The Internet Archive would have had a stronger argument if it had continued to limit the number of copies that could be lent out. In that scenario, IA could argue that the program’s impact on the market was little different from a conventional library.
Obviously, a patron who checks out a book from a library is less likely to purchase a copy, undermining the market for the book. On the other hand, libraries themselves buy many books—and the more popular a book is, the more copies libraries must buy. So the overall impact of libraries on demand for books is not clear.
But once the IA stopped buying a copy of a book for every copy it lent out, this argument became a lot weaker. An institution like AI can buy a single copy of a book and then “lend” it to dozens, hundreds, or thousands of people at the same time. There’s little doubt that this has a negative impact on the market for new books.
Instead, the Internet Archive will likely need to make a more novel argument—that the unique circumstances of a pandemic justifies allowing types of infringement that would be clearly illegal at other times. Grimmelmann wasn’t able to identify any other cases where courts have made that kind of leap.
I also spoke to John Bergmayer, a copyright expert at the copyright reform group Public Knowledge. He said there was a “pretty strong fair use argument” for both the Internet Archive’s previous controlled digital lending program and its new approach without waiting lists. Bergmayer pointed to the fact that millions of books are currently locked up in libraries that have been closed due to the pandemic. That, he said, creates a unique situation that could justify digital lending activities that would otherwise be illegal.
But like Grimmelmann, Bergmayer couldn’t name any specific court decisions that back up IA’s aggressive interpretation of copyright law.
The stakes are high
While Grimmelmann was fairly bullish on the publishers’ legal prospects, he disagreed with one aspect of the industry’s argument. The Internet Archive is officially a non-profit, but the publishers’ lawsuit portrays the group as effectively a commercial operation profiting from copyright infringement. It points out that IA has earned millions of dollars from contracts to scan books on behalf of partners such as other libraries.

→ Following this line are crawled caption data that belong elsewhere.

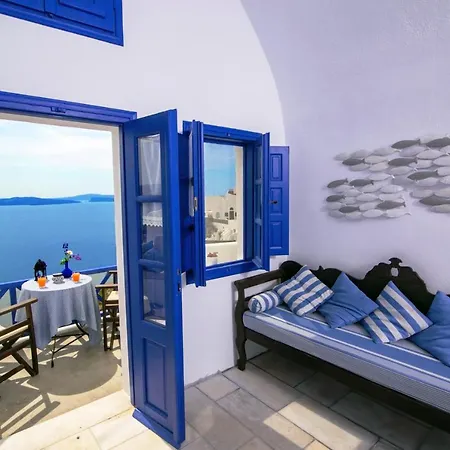 Ifestio 3* Oia (Santorini)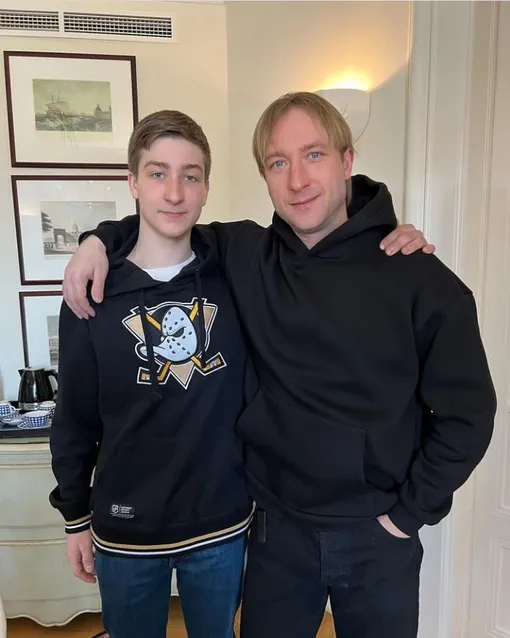 Евгений Плющенко с сыном Егором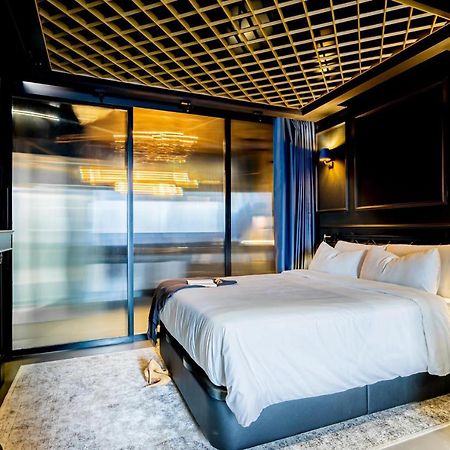 Suite Shibari By Justine Apartments Sobria Elegante Y Pecaminosa Apartamento Turistico En Madrid Rio 外观 照片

But Grimmelmann told Ars that this fundamentally misunderstands the motivations of Brewster Kahle, the founder of Internet Archive and still its driving force.

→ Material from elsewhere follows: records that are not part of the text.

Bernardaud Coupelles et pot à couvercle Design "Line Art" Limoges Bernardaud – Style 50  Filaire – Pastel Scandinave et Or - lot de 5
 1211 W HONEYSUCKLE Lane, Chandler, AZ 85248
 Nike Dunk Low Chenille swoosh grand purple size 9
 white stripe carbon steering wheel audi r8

“Brewster Kahle is what the Russians might call a holy fool—someone who acts without real regard for himself or for worldly things in the service of a higher calling,” Grimmelmann said. The Internet Archive “is not a commercial venture,” he argued. Grimmelmann believes that Kahle, a 1990s dot-com entrepreneur who has sunk millions of dollars into the Internet Archive, is fundamentally an idealist.
But Kahle’s idealism—or foolishness—might cost him dearly. Copyright law allows statutory damages as high as $150,000 per work for willful infringement. And Grimmelmann tells Ars that if the publishers win the case, they’ll have a strong case that the infringement was willful.
The Internet Archive has scanned more than a million books that are still under copyright, so a loss could easily lead to billions of dollars in damages—far beyond the non-profit’s ability to pay. So if the publishers win the lawsuit, they could force the Internet Archive out of business. That would be an incalculable loss given the group’s work archiving other types of content, including the early Web.
However, the publishers may not be interested in forcing the Internet Archive out of business. Their goal is to get the Internet Archive to stop scanning their books. If they win the lawsuit, they might force the group to shut down its book scanning operation and promise to not start it up again, then allow it to continue its other, less controversial offerings.